OKLAHOMA CITY, Sept. 29, 2016 /PRNewswire/ — Chesapeake Energy Corporation (NYSE:CHK) today announced that it has priced its private placement to eligible purchasers of $1.1 billion aggregate principal amount of 5.5% convertible senior notes due 2026. The private placement was upsized from a previously announced amount of $850 million. The company also has granted the initial purchasers a 30-day option to purchase up to an additional $150 million aggregate principal amount of notes.
The notes will be convertible, under certain specified circumstances, into cash, Chesapeake common stock or a combination of cash and Chesapeake common stock, at Chesapeake’s election. The conversion rate will initially equal 116.7134 shares of common stock per $1,000 principal amount of notes (equivalent to an initial conversion price of approximately $8.57 per share of common stock). The conversion rate will be subject to adjustment in certain events but will not be adjusted for any accrued and unpaid interest.
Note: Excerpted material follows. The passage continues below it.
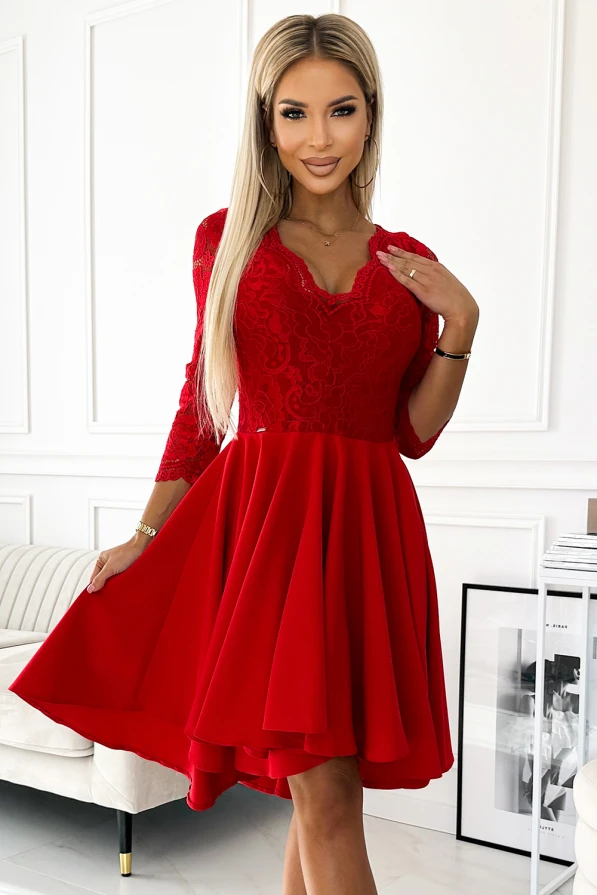 210-16 NICOLLE - Kleid mit Spitzenausschnitt und längerem Rücken - rot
The notes will bear interest at a rate of 5.5% per annum. The notes will mature on September 15, 2026 and may not be redeemed by Chesapeake prior to September 15, 2019. Chesapeake may redeem for cash all or part of the notes, at its option, on or after September 15, 2019 if the last reported sale price of its common stock for at least 20 trading days (whether or not consecutive) during the period of 30 consecutive trading days ending on, and including, the trading day immediately preceding the date on which Chesapeake provides notice of redemption exceeds 130% of the applicable conversion price for the notes on each of such 20 trading days. The redemption price will equal 100% of the principal amount of the notes to be redeemed, plus accrued and unpaid interest, if any, to, but excluding, the redemption date. No sinking fund is provided for the notes.
The closing of the private placement is expected to occur on October 5, 2016 and is subject to the satisfaction of customary closing conditions.
Chesapeake intends to use the net proceeds from the offering for general corporate purposes, which may include debt repurchases and the repayment of its credit facility and senior notes with near-term maturities as they become due.
The notes are being offered and sold to persons reasonably believed to be qualified institutional buyers pursuant to Rule 144A under the Securities Act of 1933, as amended (the “Securities Act”). The offer and sale of the notes, the related subsidiary guarantees and the shares of common stock issuable upon conversion of the notes have not been, and will not be, registered under the Securities Act or any state securities laws and may not be offered or sold in the United States absent registration or an applicable exemption from, or in a transaction not subject to, the registration requirements of the Securities Act and applicable state laws.
This press release does not constitute an offer to sell, or a solicitation of an offer to buy, nor shall there be any sale of these securities in any state or jurisdiction in which such offer, solicitation or sale is unlawful. Any offers of the securities will be made only by means of a private offering circular pursuant to Rule 144A under the Securities Act.